** Assignment **
Exclude pictures; retype the lines below from the line containing "Детский жилет Черные" through the end of the records, both ends kept.

Caption-style text data:

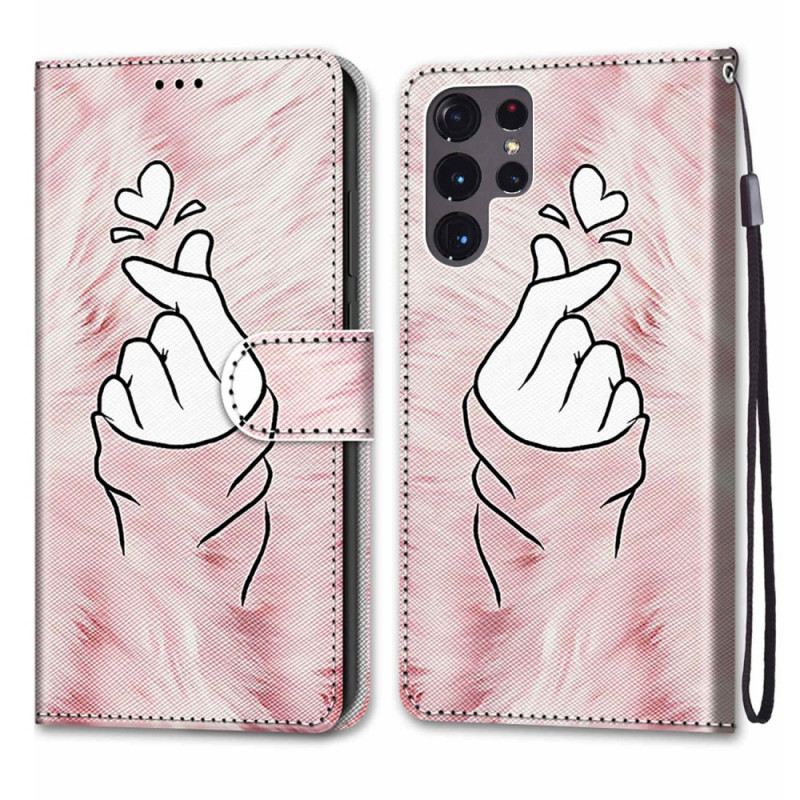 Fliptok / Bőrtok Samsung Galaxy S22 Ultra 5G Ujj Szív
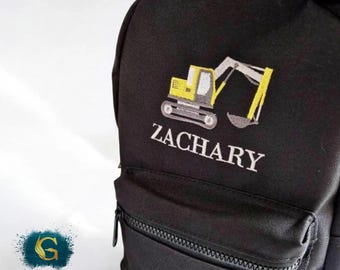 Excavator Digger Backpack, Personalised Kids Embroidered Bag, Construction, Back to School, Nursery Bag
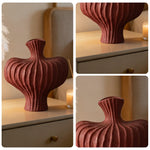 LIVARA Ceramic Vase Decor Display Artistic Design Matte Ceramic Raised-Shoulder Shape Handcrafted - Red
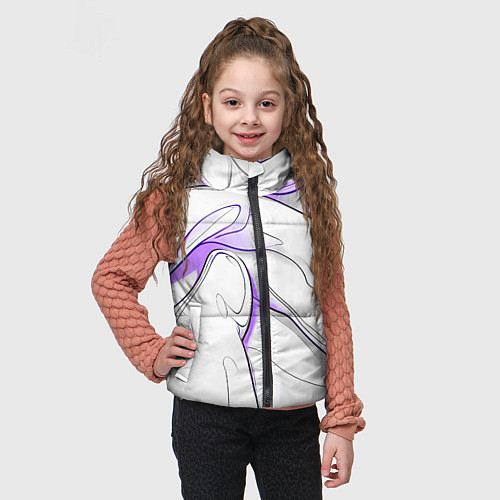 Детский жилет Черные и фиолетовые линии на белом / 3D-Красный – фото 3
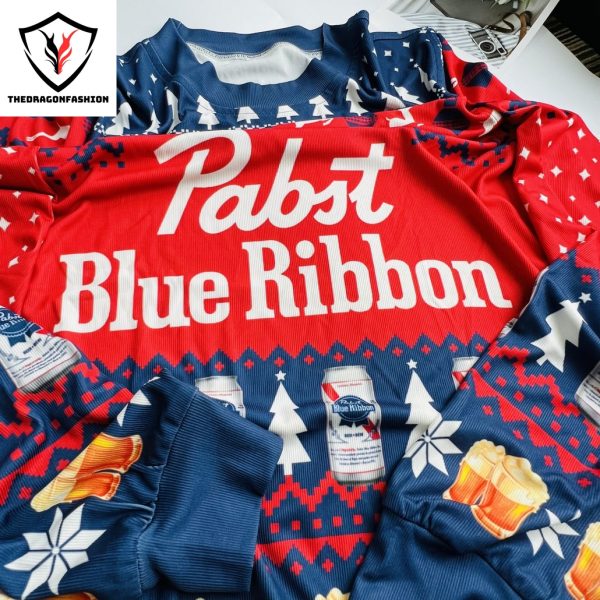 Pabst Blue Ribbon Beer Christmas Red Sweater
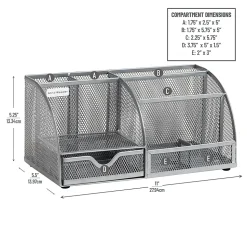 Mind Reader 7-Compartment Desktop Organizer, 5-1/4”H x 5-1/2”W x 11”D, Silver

** Exercise solution **
 Детский жилет Черные и фиолетовые линии на белом / 3D-Красный – фото 3
 Pabst Blue Ribbon Beer Christmas Red Sweater
 Mind Reader 7-Compartment Desktop Organizer, 5-1/4”H x 5-1/2”W x 11”D, Silver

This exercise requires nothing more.